US natural gas prices climb on lower output, higher demand

natural gas prices

NEW YORK: US natural gas futures climbed about 2% to a 10-week high on lower daily output and forecasts for hotter weather and higher demand over the next two weeks than previously expected.

That heat should prompt homes and businesses to crank up their air conditioners, which should push power generators to burn more gas to produce electricity to keep those air conditioners humming.

Analyst said that heat would likely come at the same time some liquefied natural gas (LNG) export plants exit maintenance reductions, which should boost the amount of gas flowing to the export plants.

Gas futures for July delivery on the New York Mercantile Exchange rose 6.8 cents, or 1.8%, to $3.919 per million British thermal units (mmBtu), putting the contract on track for its highest close since April 3 for a second day in a row.

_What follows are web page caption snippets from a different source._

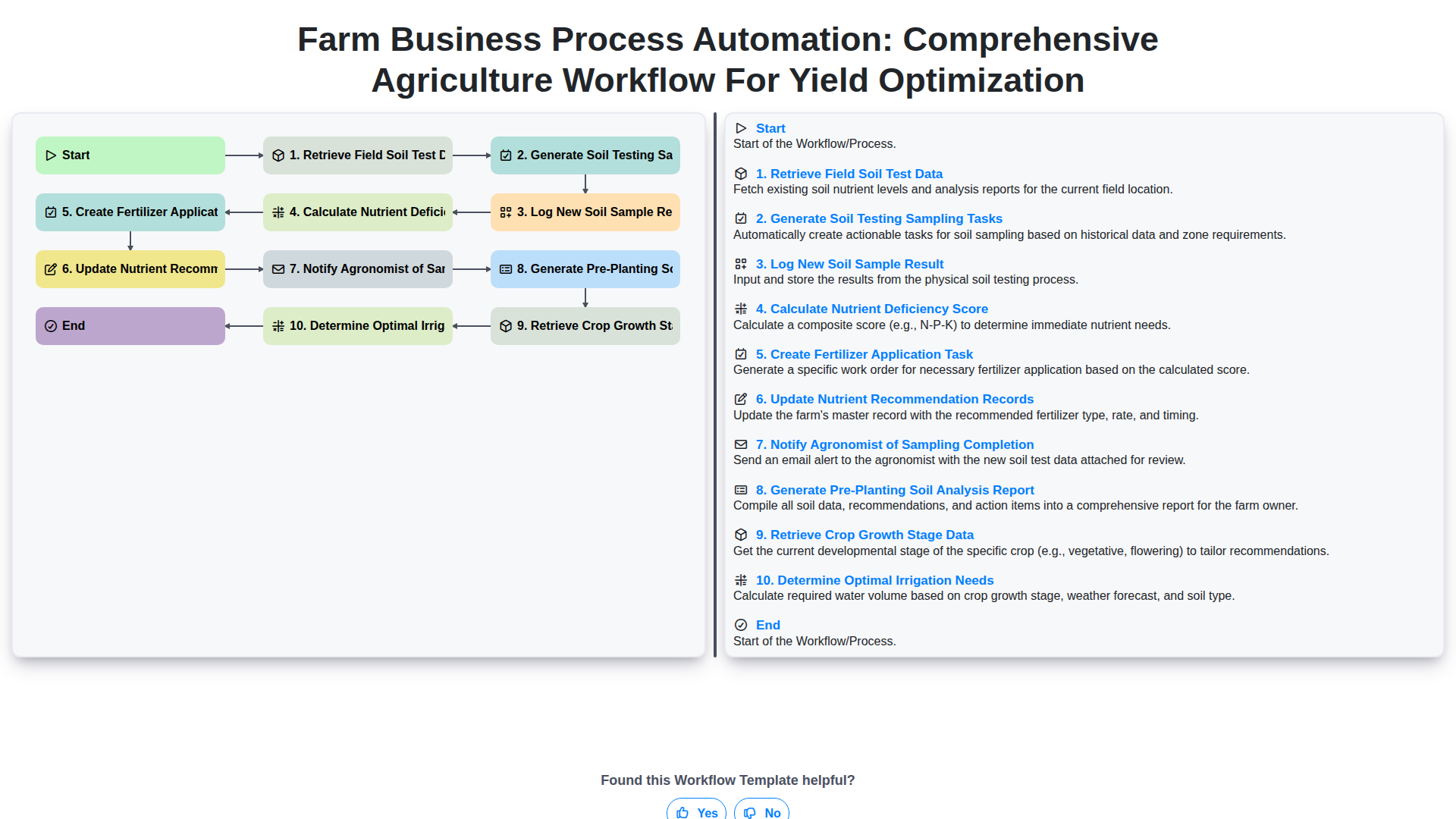 Farm Business Process Automation: Comprehensive Agriculture Workflow for Yield Optimization screenshot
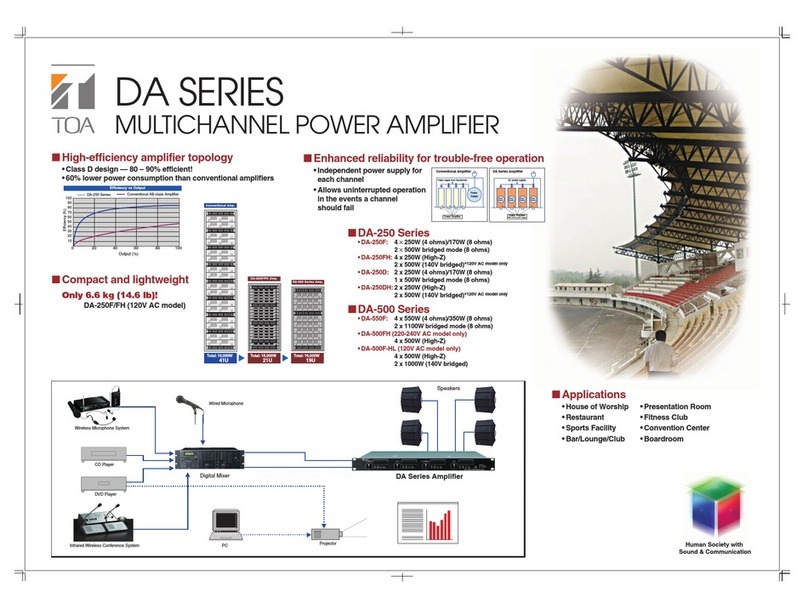 Toa DA-250D User manual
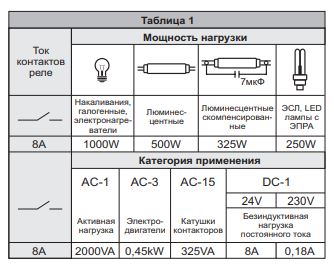 Реле импульсное BIS-402 5A 230V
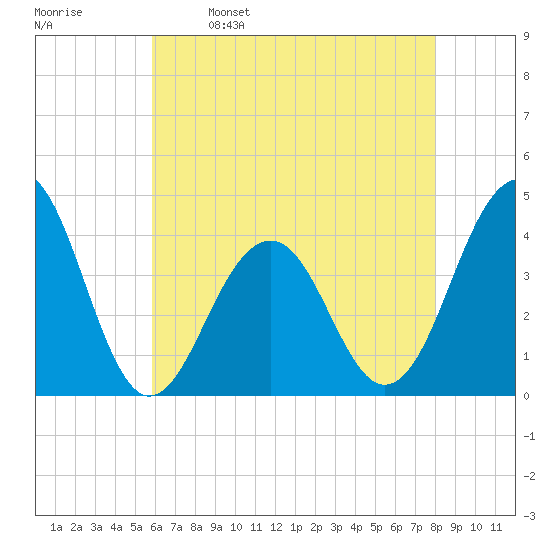 Bennett Creek tide chart for Tuesday, May 9, 2023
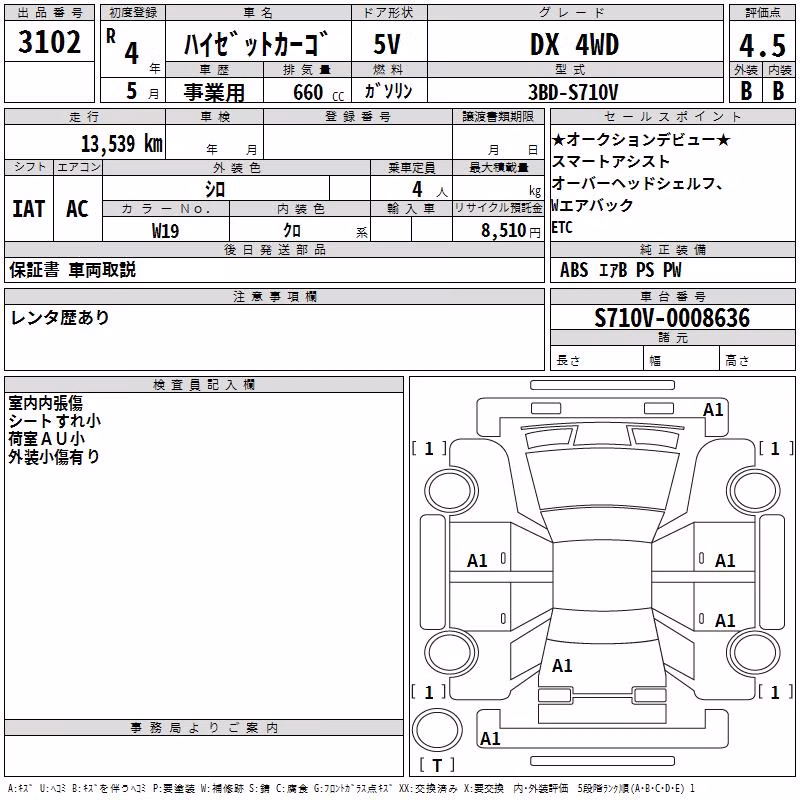 DAIHATSU ATRAI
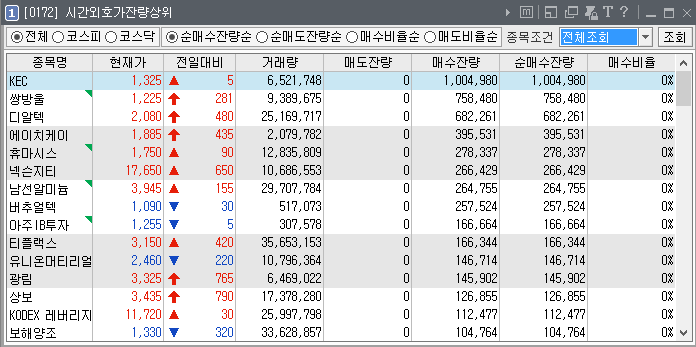  2019년 5월 23일. 전일 시간외특징주 및 장전뉴스.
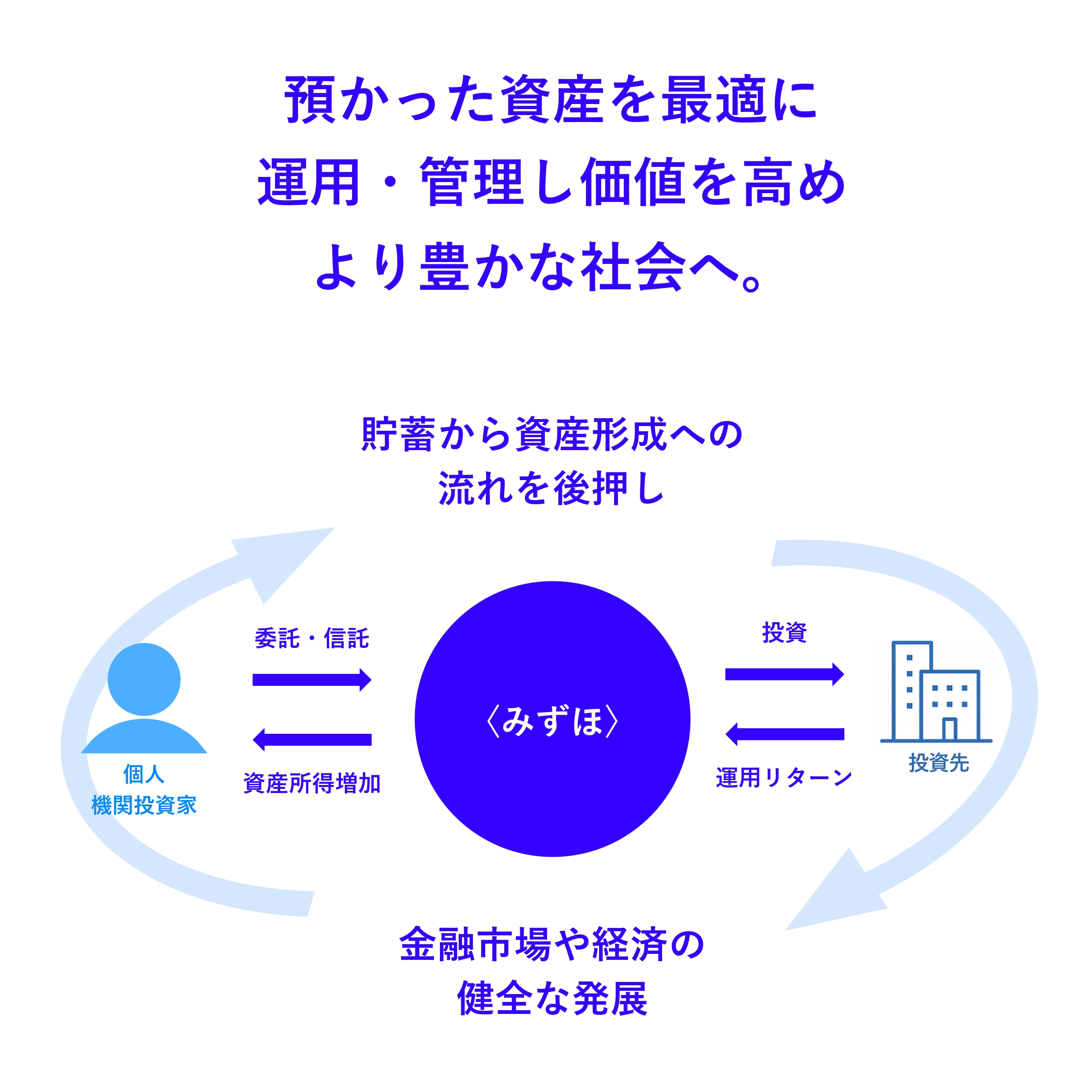 左に個人のアセットオーナー、中央にみずほ、右に投資先が並ぶ、資産運用の関係図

That price increase came despite forecasts by some analysts that energy firms may have set another storage record with an eighth triple-digit injection during the week ended June 13.

The average estimate of most analysts, however, was that energy firms added a slightly smaller 98 billion cubic feet (bcf) of gas into storage, which is still much bigger than the 72-bcf normal for this time of year and the 72 bcf injected during the same week last year.

The US Energy Information Administration will release the June 13 storage report a day earlier than usual on Wednesday, June 18, due to the US Juneteenth holiday on Thursday, June 19. During the prior week ended June 6, energy firms added 100 bcf or more of gas into storage for a seventh week in a row, tying the seven-week triple-digit injection record set in June 2014, according to federal energy data going back to 2010.

So far this year, energy firms have pulled a monthly record high of 1.013 trillion cubic feet of gas out of storage in January when brutally cold weather boosted heating demand and added a monthly record high of 497 bcf into storage in May when mild weather kept both heating and cooling use low, according to federal energy data. The prior all-time monthly injection high was 494 bcf in May 2015.